Protesters yesterday put a cage around a statue of Chiang Kai-shek (蔣介石) in Tainan to symbolize their commitment to holding the former Chinese Nationalist Party (KMT) leader responsible for the 228 Incident.
Taiwan Statebuilding Party Tainan branch director Jill Wu (吳依潔) said that members of the party put the iron cage around the statue outside the Tainan Cultural Center in East District (東區) to symbolically lock him in prison for his crimes.
The statue is part of an installation whose Chinese-language name (承先啟後) means “to inherit the past and inspire the future.”
Photo coutesy of the Taiwan Statebuilding Party’s Tainan branch
The protester draped two banners over the cage that read: “People should not worship authoritarian regimes” and “Mass killings must be prosecuted.”
Wu said that the Tainan City Government had not followed through with transitional justice for the 228 Incident.

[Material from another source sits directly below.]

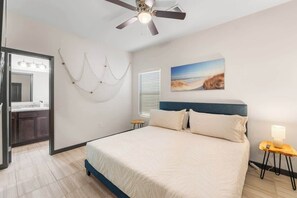 Ein Schlafzimmer mit Bett, Deckenventilator, Nachttisch, Lampe, einem Gemälde sowie einem Badezimmer mit Spiegel und Waschbecken.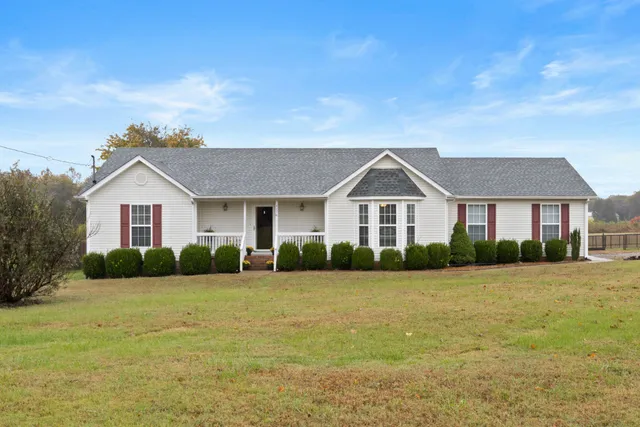 a front view of house with yard and green space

The Incident refers to a series of protests sparked by police actions as they confiscated contraband cigarettes from a woman in Taipei on Feb. 27, 1947.
Photo: Cheng I-hwa, AFP
According to the Memorial Foundation of 228, the woman who sold the illegal cigarettes was badly injured by the police, igniting a public outcry that had been building against the rule of the then-authoritarian KMT regime.
The protests quickly spread across Taiwan for several days, leading to violent and fatal crackdowns by the government, the foundation’s Web site says.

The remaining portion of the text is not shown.